* [EXERCISE REQUIREMENTS] The material below has pictures in it. Set down only the lines from the line containing "Laced Tulle Cotton Socks Set" through the line containing "Island railway track, no", word for word, and leave the pictures behind.

* [INPUT FOR THIS TASK]
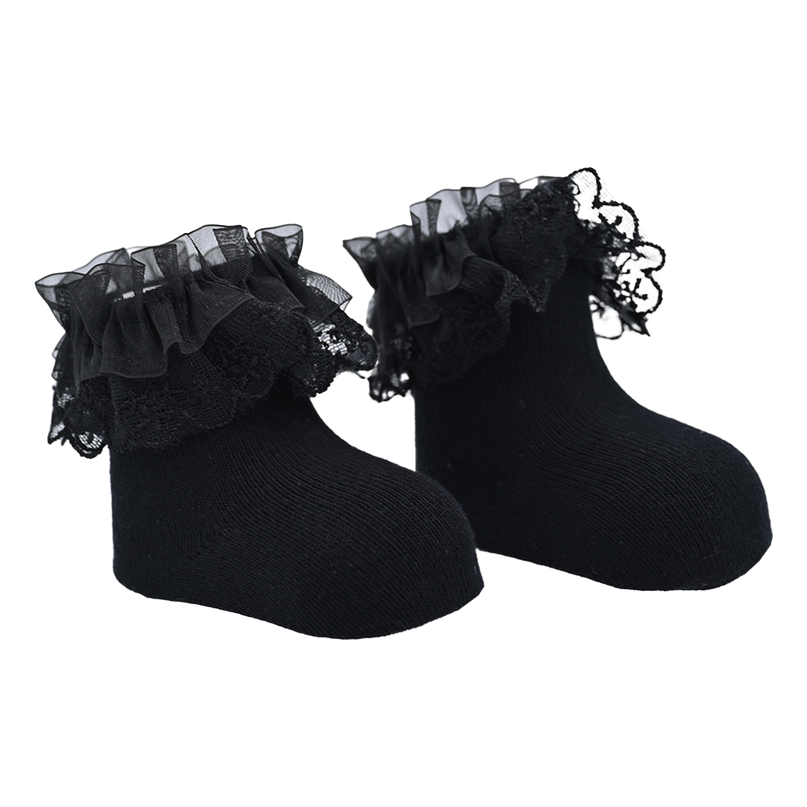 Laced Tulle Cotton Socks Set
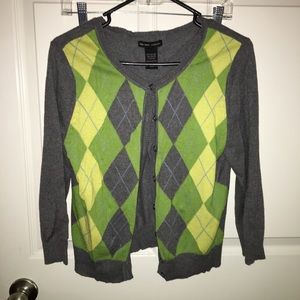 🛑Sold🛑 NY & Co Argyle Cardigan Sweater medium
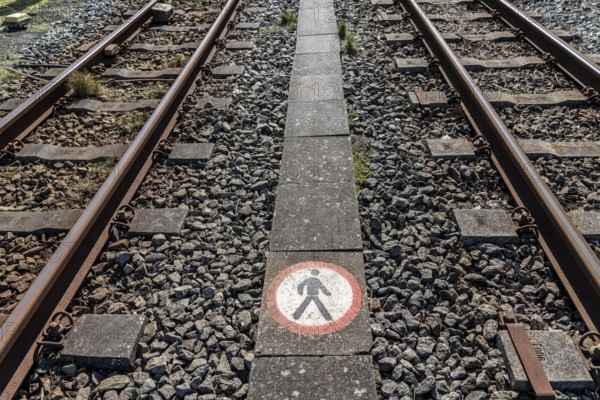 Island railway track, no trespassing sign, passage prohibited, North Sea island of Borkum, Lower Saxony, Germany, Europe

---

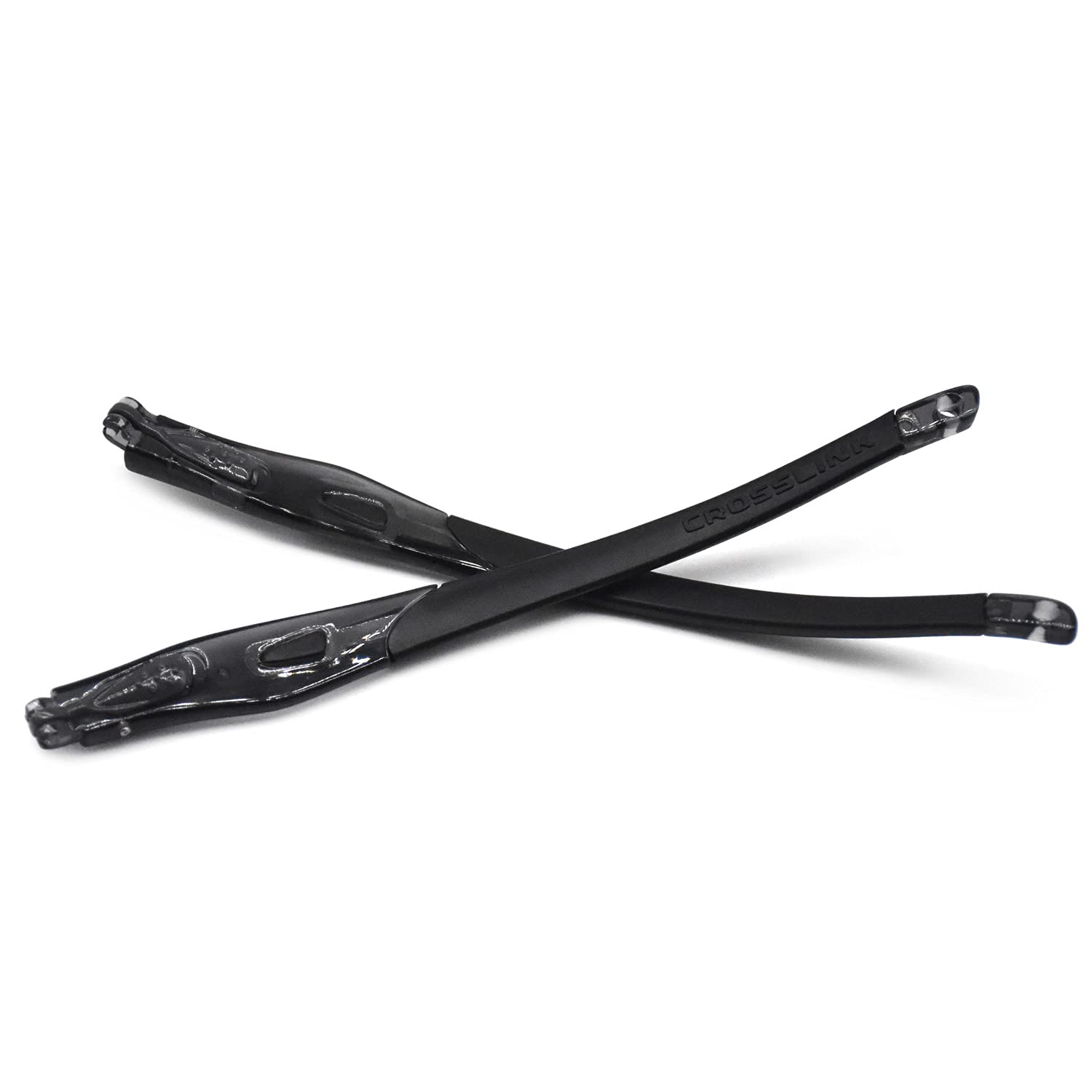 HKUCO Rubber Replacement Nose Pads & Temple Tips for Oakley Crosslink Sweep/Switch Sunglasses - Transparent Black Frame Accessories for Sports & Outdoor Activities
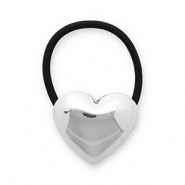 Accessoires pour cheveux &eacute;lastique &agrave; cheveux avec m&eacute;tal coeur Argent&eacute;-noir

* [ANSWER FOR THE TASK]
 Laced Tulle Cotton Socks Set
 🛑Sold🛑 NY & Co Argyle Cardigan Sweater medium
 Island railway track, no trespassing sign, passage prohibited, North Sea island of Borkum, Lower Saxony, Germany, Europe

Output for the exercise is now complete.